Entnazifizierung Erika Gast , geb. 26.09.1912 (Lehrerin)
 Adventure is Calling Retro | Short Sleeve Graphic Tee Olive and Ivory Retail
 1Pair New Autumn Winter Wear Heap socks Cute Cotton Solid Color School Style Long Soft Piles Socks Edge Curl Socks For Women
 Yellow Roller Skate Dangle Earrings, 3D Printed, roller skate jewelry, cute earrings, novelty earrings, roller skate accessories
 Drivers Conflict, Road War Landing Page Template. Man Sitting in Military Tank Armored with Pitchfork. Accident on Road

========================

▶ _WHAT IS BEING ASKED_
Transcribe the whole listing exactly.

▶ _RESULT OF THIS EXERCISE_
Entnazifizierung Erika Gast , geb. 26.09.1912 (Lehrerin)
 Adventure is Calling Retro | Short Sleeve Graphic Tee Olive and Ivory Retail
 1Pair New Autumn Winter Wear Heap socks Cute Cotton Solid Color School Style Long Soft Piles Socks Edge Curl Socks For Women
 Yellow Roller Skate Dangle Earrings, 3D Printed, roller skate jewelry, cute earrings, novelty earrings, roller skate accessories
 Drivers Conflict, Road War Landing Page Template. Man Sitting in Military Tank Armored with Pitchfork. Accident on Road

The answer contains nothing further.